* Exercise: Under this line are the records; repeat exactly the lines starting at the one containing "Forever21 Plus Women's" and ending at the one containing "Rustic Kraft Paper", omitting pictures.

--- Material to process Enclosed Below ---

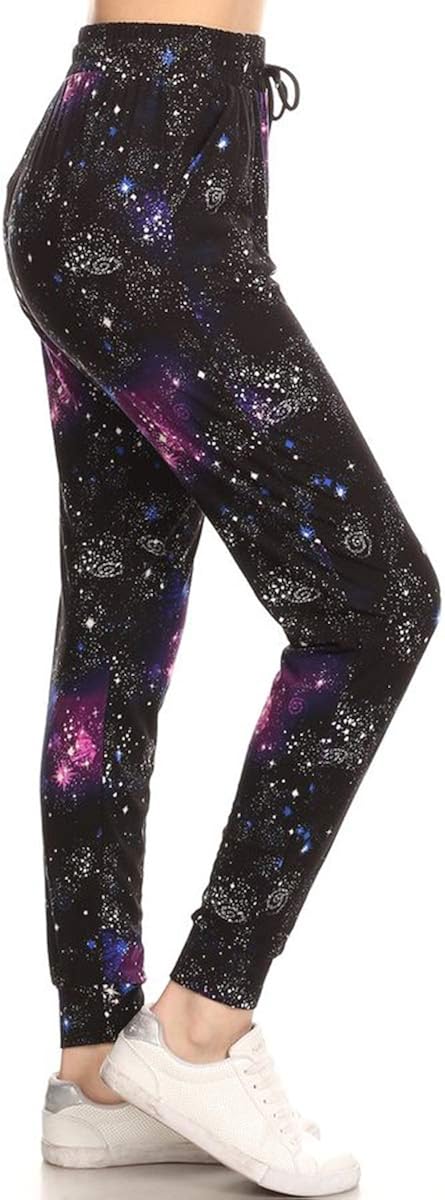 Leggings Depot Women's Printed Solid Activewear Jogger Track Cuff Sweatpants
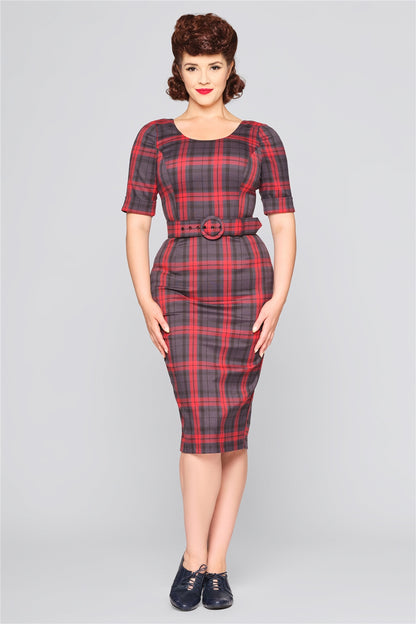 June Smoky Check Pencil Dress
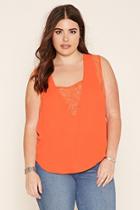 Forever21 Plus Women's  Tangerine Plus Size Lace-paneled Top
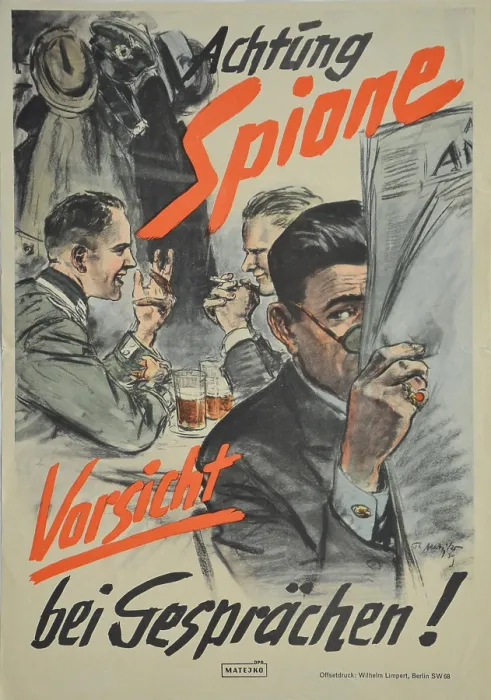 Framed Print : Attention: Spies, 1939. Creator: Matejko, Theo (1893-1946) Framed Print : Attention: Spies, 1939. Creator: Matejko, Theo (1893-1946)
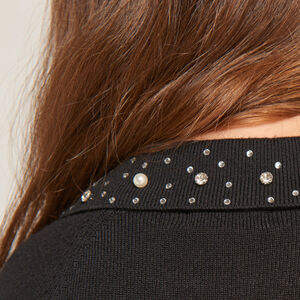 Φόρεμα μονόχρωμο πλεκτό με γιακά Claudine και στρας για κορίτσι 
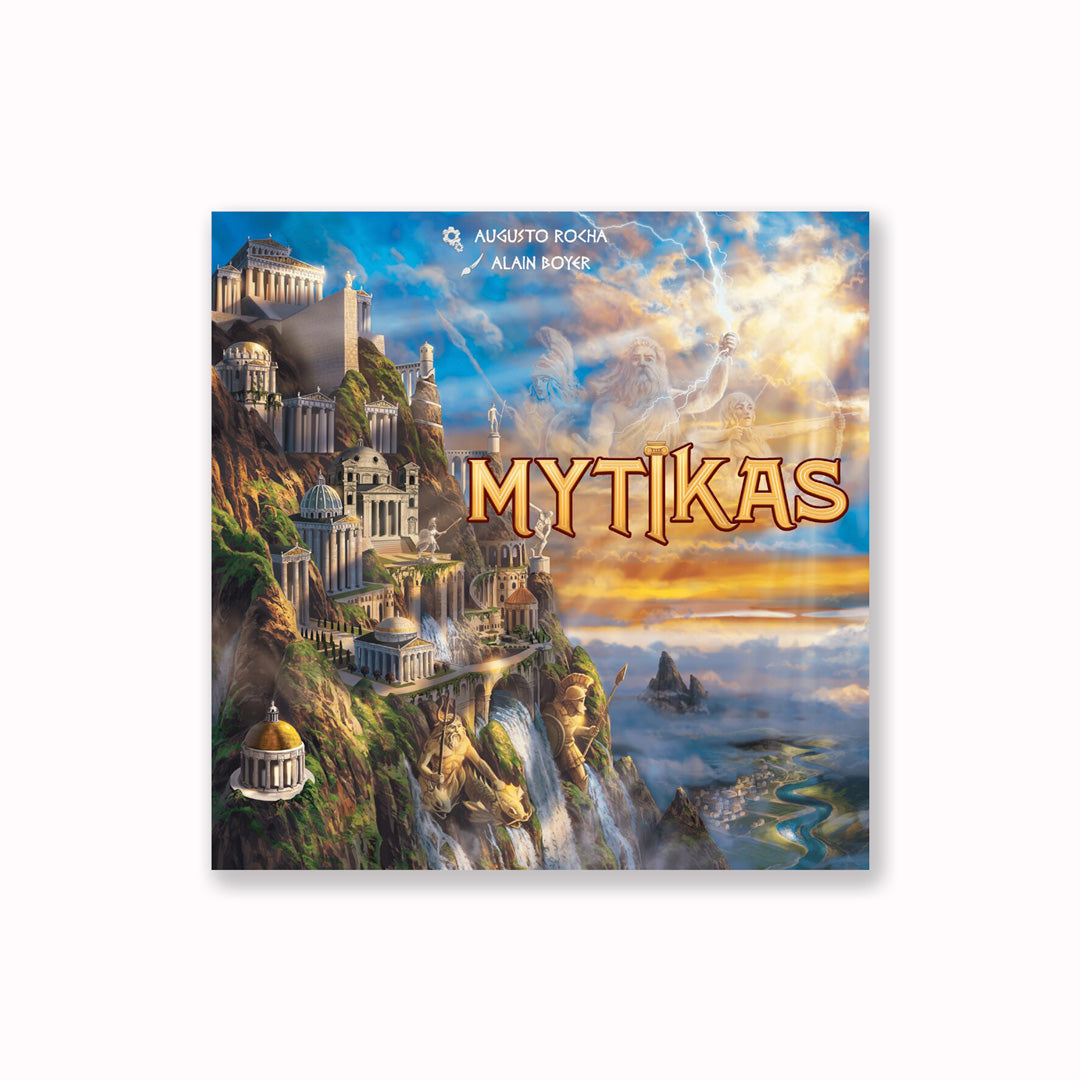 Boc Front - In Mytikas, you play as builders who must construct cities and temples on Mount Olympus. The higher up you construct them, the more prestige you will gain.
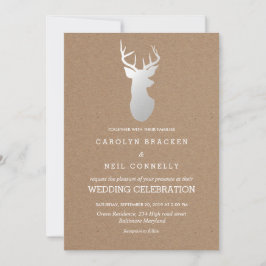 Rustic Kraft Paper Silver Antler Wedding Einladung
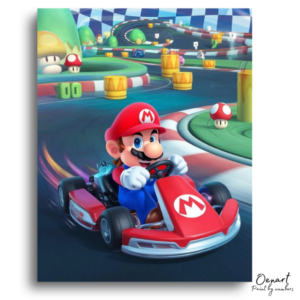 Red Kart Racer on Track - Paint by Numbers Kit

--- End of Enclosed Material to process ---

* Completed exercise:
 Forever21 Plus Women's  Tangerine Plus Size Lace-paneled Top
 Framed Print : Attention: Spies, 1939. Creator: Matejko, Theo (1893-1946) Framed Print : Attention: Spies, 1939. Creator: Matejko, Theo (1893-1946)
 Φόρεμα μονόχρωμο πλεκτό με γιακά Claudine και στρας για κορίτσι 
 Boc Front - In Mytikas, you play as builders who must construct cities and temples on Mount Olympus. The higher up you construct them, the more prestige you will gain.
 Rustic Kraft Paper Silver Antler Wedding Einladung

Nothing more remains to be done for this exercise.